The Writing

07 October, 2014

poetry day

At some point soon I will talk about graduation from teacher training, and yoga, and some of the more surprising (to me) revelations contained therein. But in the meantime, a different sort of revelation.

Ten British actors read 10 British poems.

I love that poetry lives and breathes because these actors make it live and breathe, and that people actually care about that. I try and imagine a US network doing this, and I can't. Perhaps one has, and I just don't know about it.

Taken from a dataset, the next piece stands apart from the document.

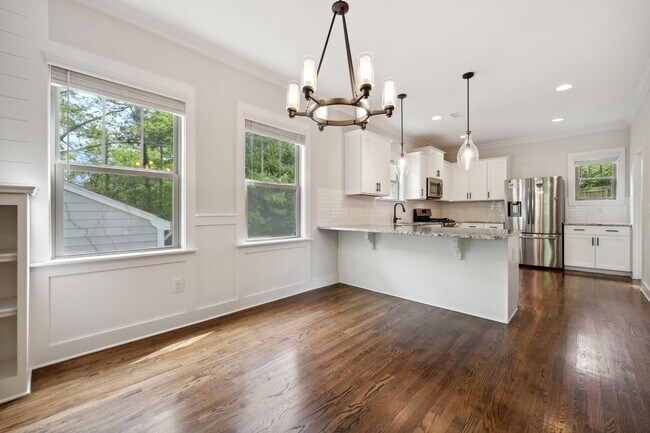 Building Photo - Gorgeous 4 Bedroom Home in the Heart Of Du...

I admit a particular perspective (the writing teacher in a classroom of business, econ, engineering, and biosci majors), of people who do not like poetry in the same way they do not like vegetables, because it is perceived as unpleasant or difficult or whatever. I wish we had some aesthetic, trained from school, that this stuff is beautiful and important. I don't know that I had teachers try and explain that to me until maybe high school (it obviously stuck, because here I am); but they were exceptional teachers, too. Deidre Gilbert and Margo McCoy taught me how to read it, and maybe more importantly, to hear it.

So go listen.

Anyway. Two of my favorite WWI poems are partway down the page. The Eccleston version of "Dulce Est Decorum Est" gave me chills. (But, confession: much as I adore Cumberbatch's voice, I still don't much like John Keats.)